Activity: Skip the images and print the listing exactly.

Entries shown:
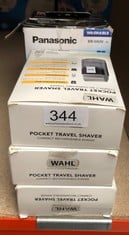 QUANTITY OF HEALTH & BEAUTY ITEMS TO INCLUDE WAHL POCKET TRAVEL SHAVER, COMPACT RECHARGEABLE SHAVER, BEARD SHAVER, ELECTRIC SHAVERS FOR MEN, FLEX FOILS, CLOSE CUT, SMALL SHAVERS FOR TRAVELLING, BLACK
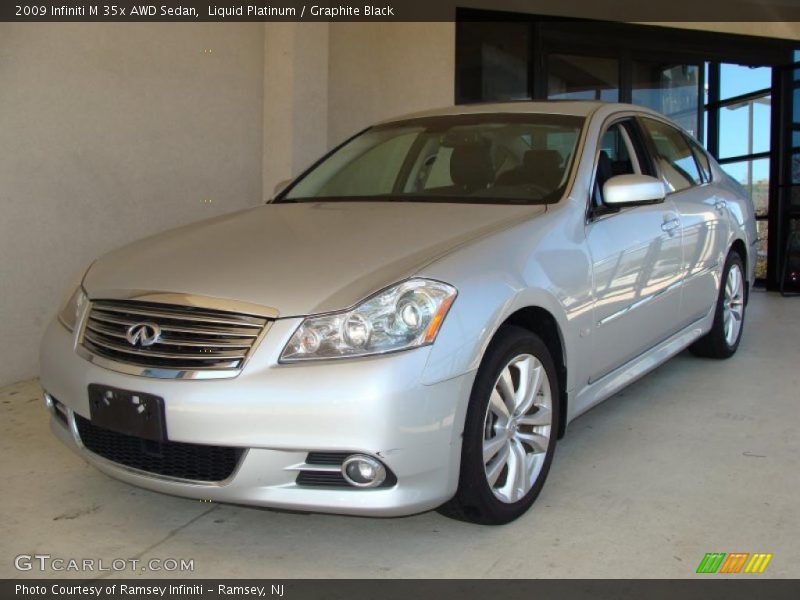 Liquid Platinum / Graphite Black 2009 Infiniti M 35x AWD Sedan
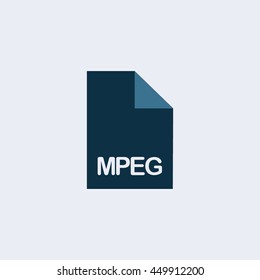 MPEG Icon,MPEG  file icon,extension icon, file icon, format icon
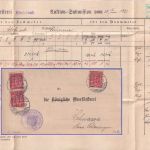 DR-Infla - 40+2x10 Pfg. Ziffer Dienstbrief/Forstsache Hinternah - Schwarza 1921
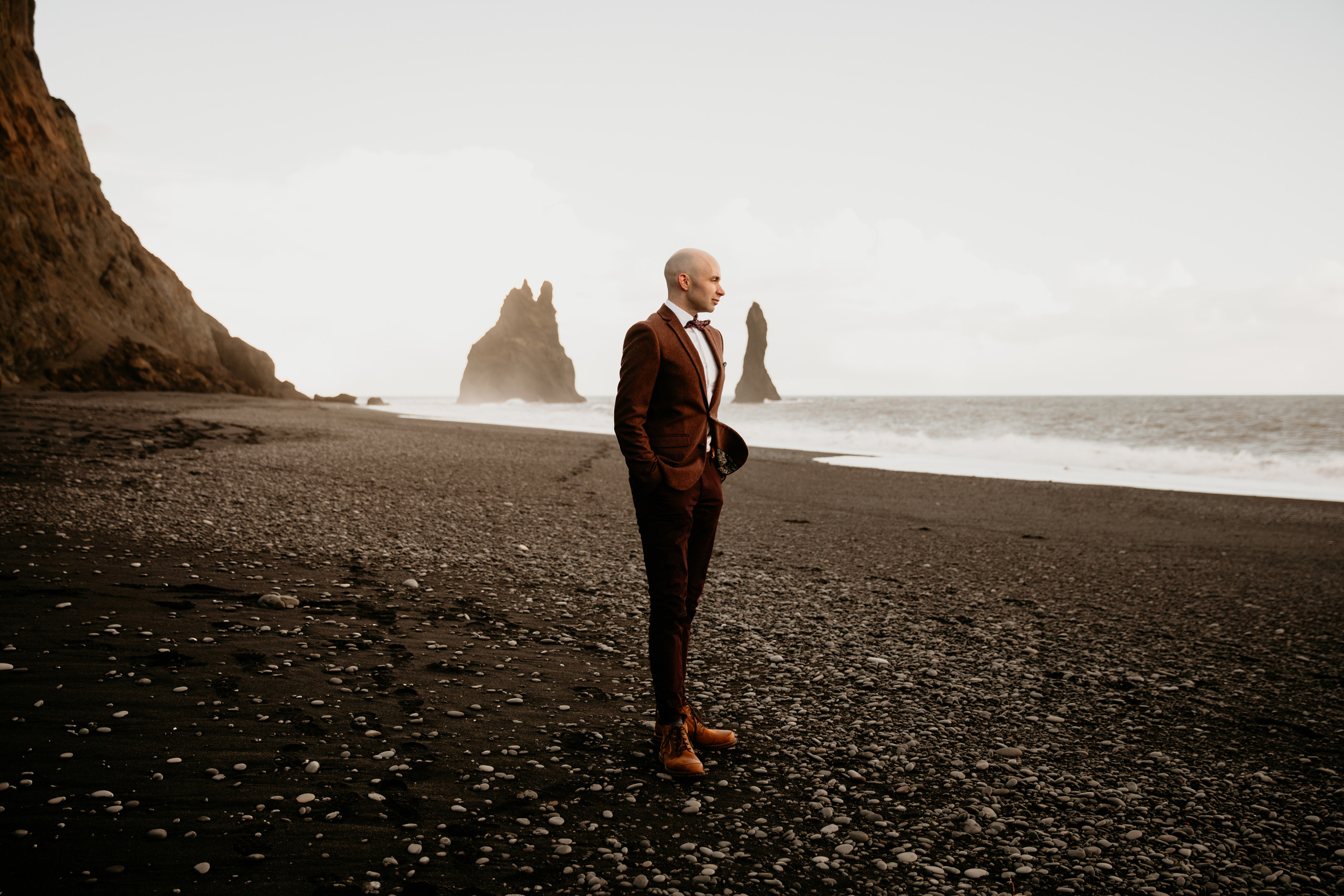 Covid Elopement in South Iceland. Iceland elopement photographer & videographer
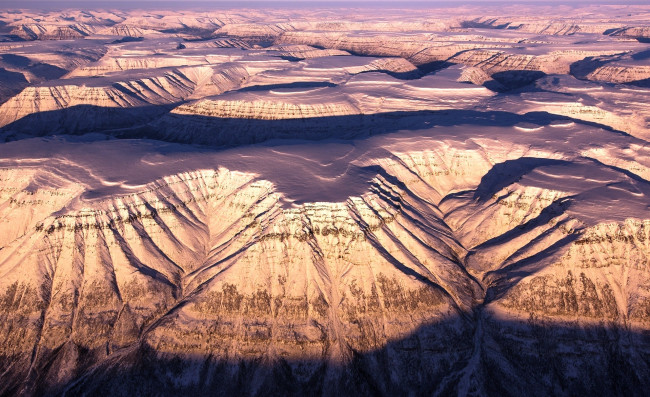 Обои картинки фото плато путорана, природа, горы, свет, каньон, скалы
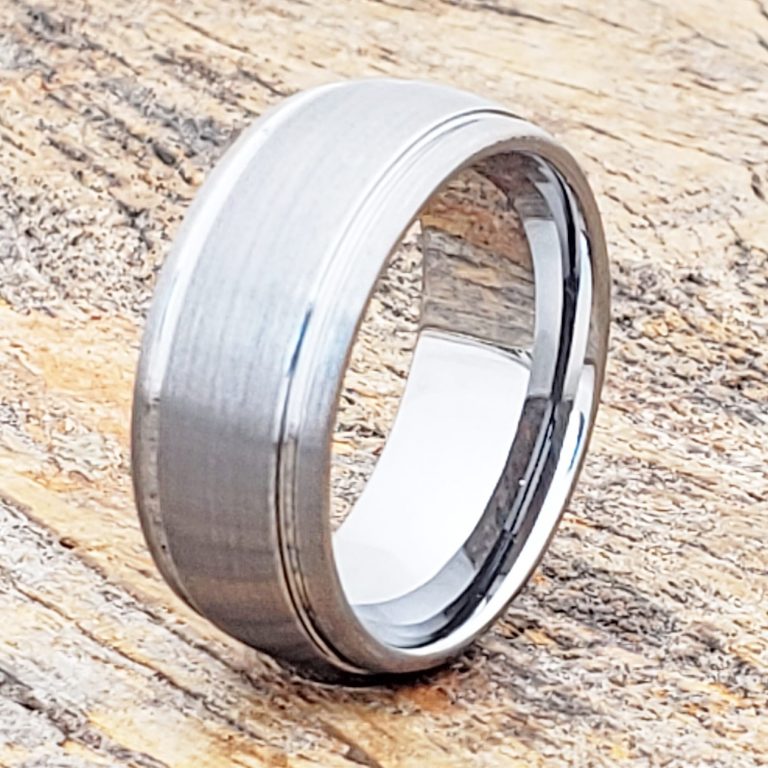 Turbo Contrasting Tungsten Wedding Bands SALE Forever Metals   Turbo Contrasting Tungsten Wedding 9mm Bands 1 768x768 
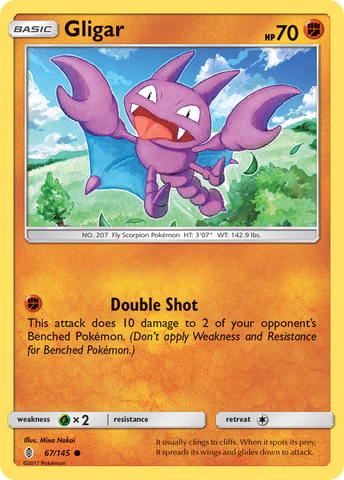 Pokemon | Gligar (67/145) [Sun & Moon: Guardians Rising] | The Nerd Merchant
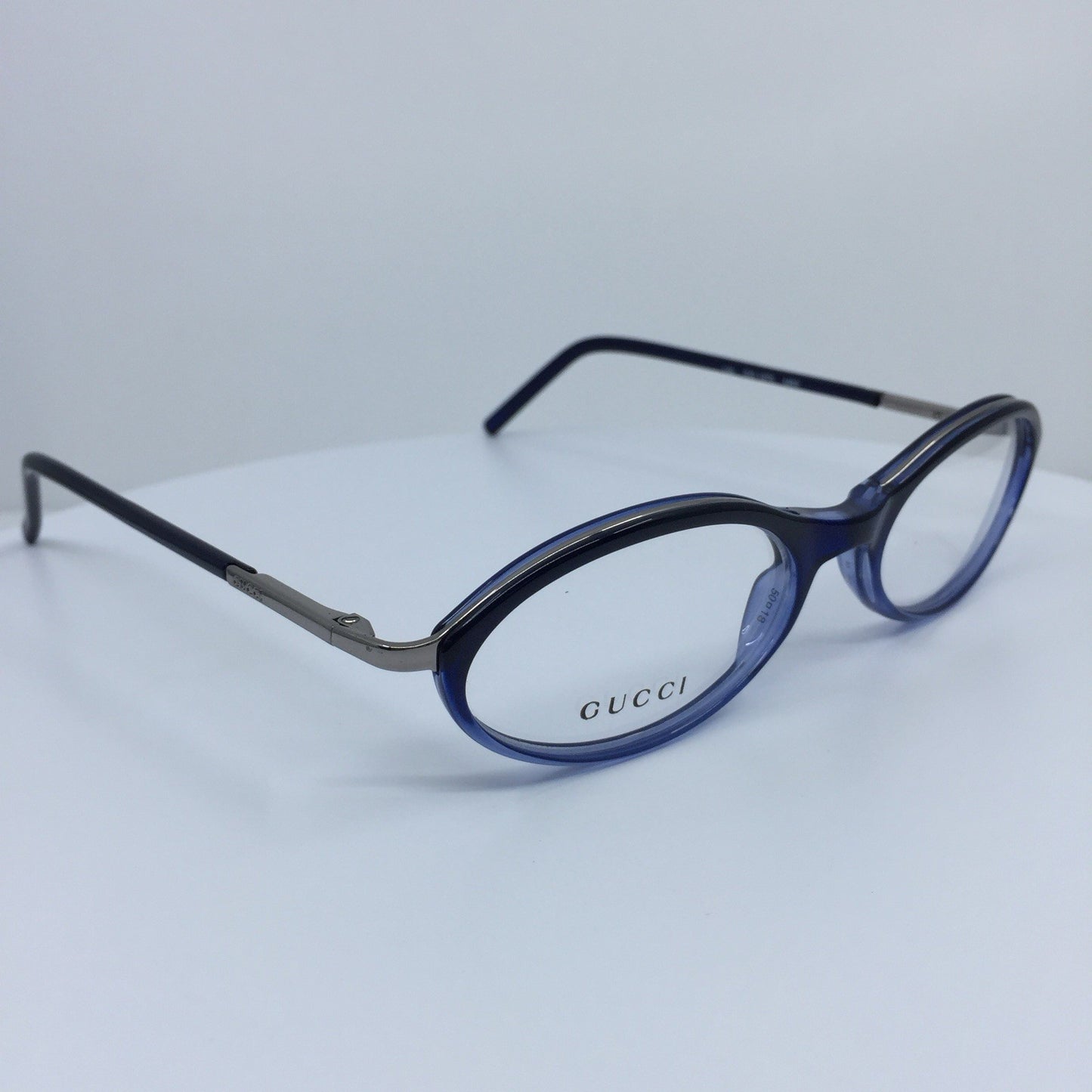 Vintage Gucci GG 1375 Blue Eyeglasses - Super Vision Optical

Task answer:
 QUANTITY OF HEALTH & BEAUTY ITEMS TO INCLUDE WAHL POCKET TRAVEL SHAVER, COMPACT RECHARGEABLE SHAVER, BEARD SHAVER, ELECTRIC SHAVERS FOR MEN, FLEX FOILS, CLOSE CUT, SMALL SHAVERS FOR TRAVELLING, BLACK
 Liquid Platinum / Graphite Black 2009 Infiniti M 35x AWD Sedan
 MPEG Icon,MPEG  file icon,extension icon, file icon, format icon
 DR-Infla - 40+2x10 Pfg. Ziffer Dienstbrief/Forstsache Hinternah - Schwarza 1921
 Covid Elopement in South Iceland. Iceland elopement photographer & videographer
 Обои картинки фото плато путорана, природа, горы, свет, каньон, скалы
 Turbo Contrasting Tungsten Wedding Bands SALE Forever Metals   Turbo Contrasting Tungsten Wedding 9mm Bands 1 768x768 
 Pokemon | Gligar (67/145) [Sun & Moon: Guardians Rising] | The Nerd Merchant
 Vintage Gucci GG 1375 Blue Eyeglasses - Super Vision Optical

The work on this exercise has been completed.